Wednesday, December 11, 2013

The Budget Deal, or Paul Ryan Talks like a Real Conservative

After three years of grandstanding, government by crisis, and nonsensical carp about socialism, Paul Ryan introduced the new budget deal by talking like an actual conservative:
In divided government, you don't always get what you want. We eliminate waste. We stop sending checks to criminals. We cut corporate welfare. We start making real changes to these autopilot programs that are the real drivers of our debt. . . .  As a conservative, I deal with the situation as it exists. I deal with the way things are, not the way I may want them to be. I'm not going to go a mile in the direction I want to go, but I'll take a few steps.
Now wasn't that a pleasant change?

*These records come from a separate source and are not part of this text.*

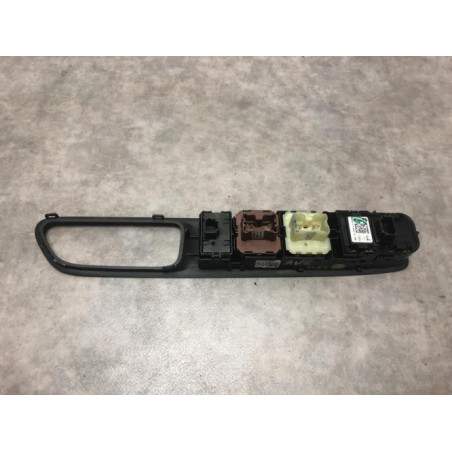 Interrupteur de leve vitre avant gauche RENAULT CAPTUR 1 PHASE 2 d’occasion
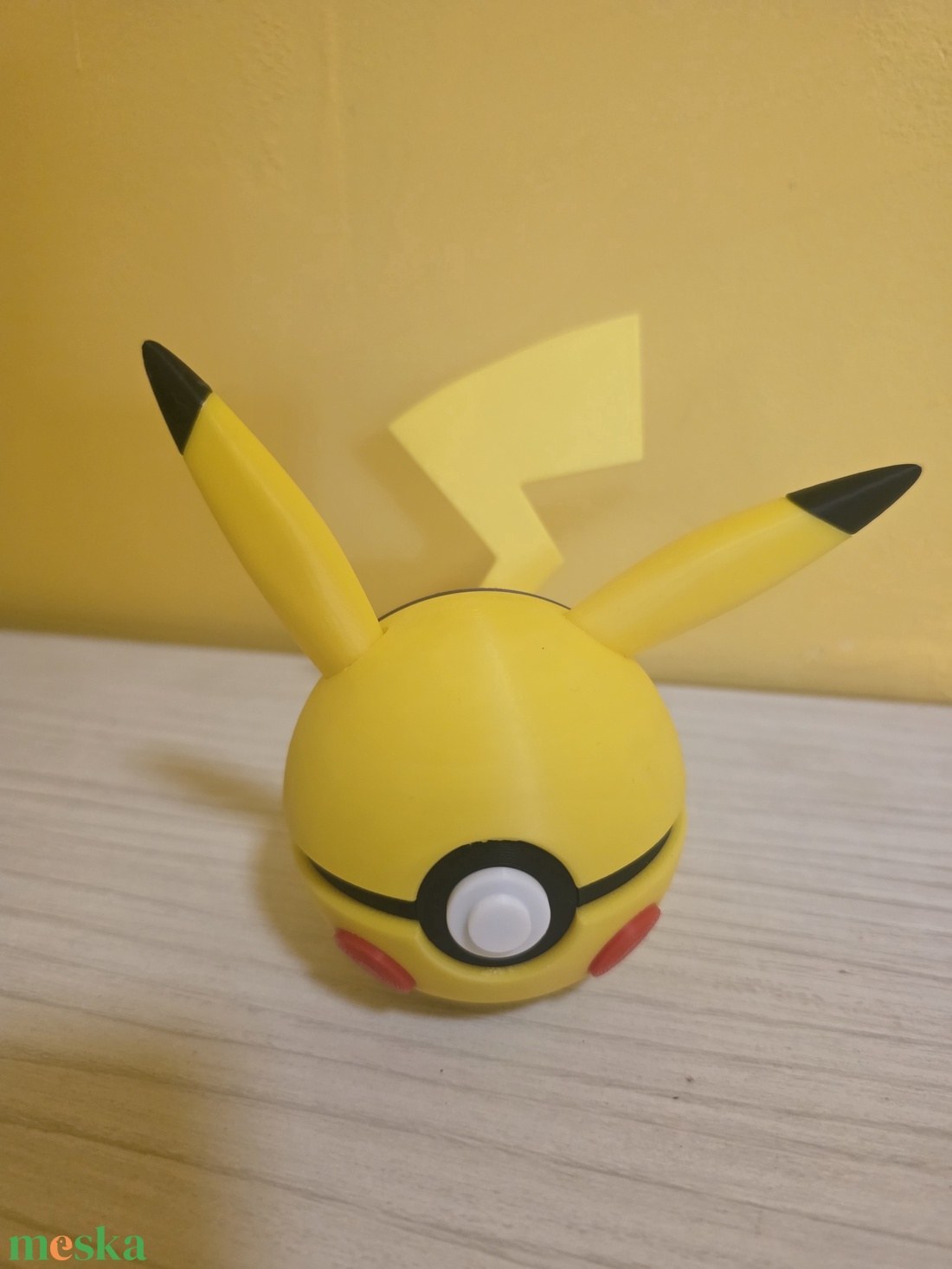 Pokeball-Pikachu stílusú 3D nyomtatott figura - otthon & életmód - dekoráció - asztal és polc dekoráció - asztaldísz - Meska.hu Pokeball-Pikachu stílusú 3D nyomtatott figura - otthon & életmód - dekoráció - asztal és polc dekoráció - asztaldísz - Meska.hu
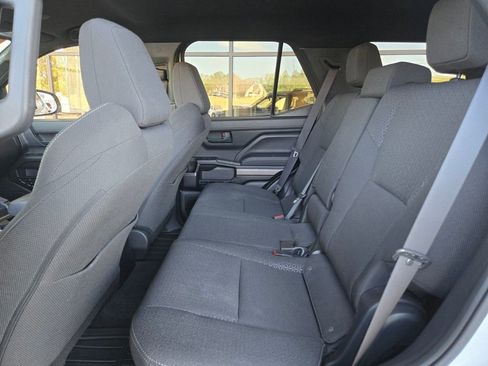 Used 2025 Toyota 4Runner SR5 AWD/4WD image 14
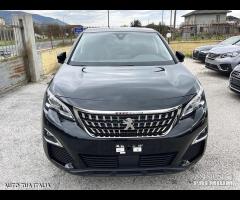 PEUGEOT 3008 1.2 BENZINA NAVI-AUTOMATICA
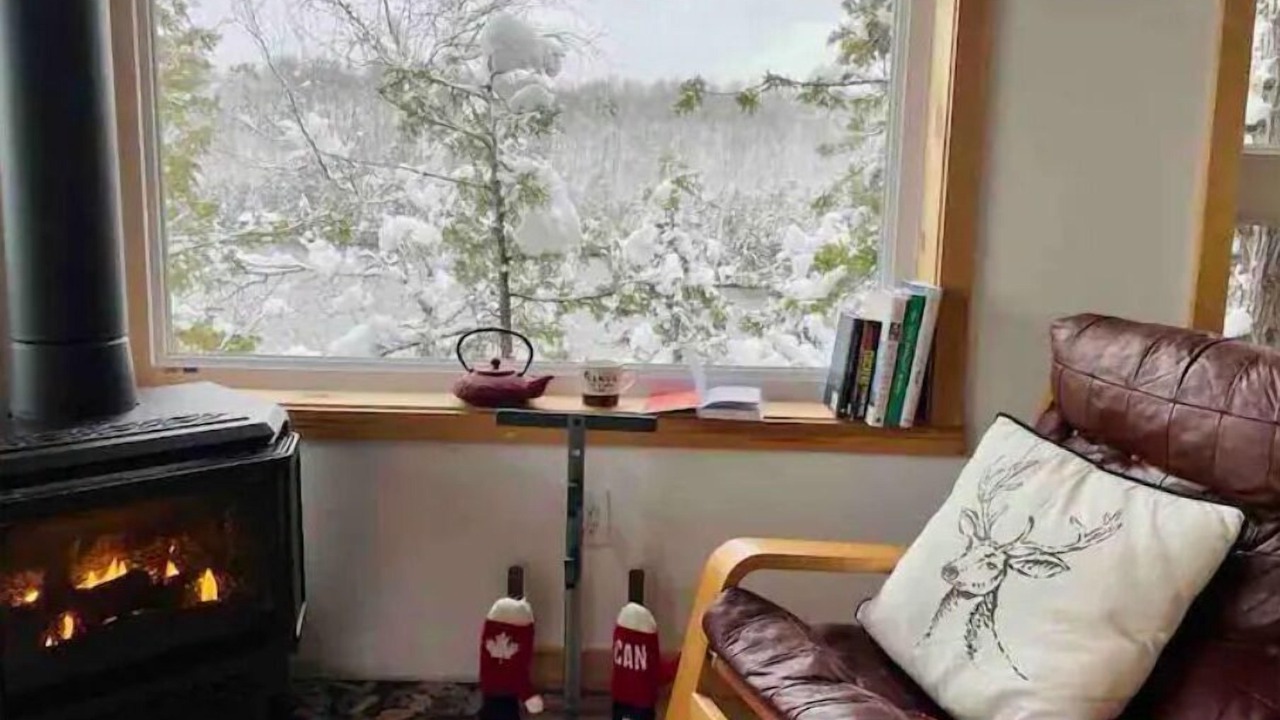 Photo of Livingroom in North Frontenac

No fuming about how the deficit is going to bring about the end of civilization, no threats to shut down anything, just tough negotiating and then a candid admission that in America right now conservatives can't have their way in everything.

I'm not very happy with the budget, either, since I think it is silly to worry about the deficit when unemployment has been high for five years and we can borrow money for a real rate of less than 1 percent. But better a deal like this that at least restores a little of the sequester cut than another round of manic doom-mongering and Congressional malpractice.

1 comment:

leif said...

wow. what happened to the vitriol? he's actually sounding like his handlers want the Rs to earn some moderate votes.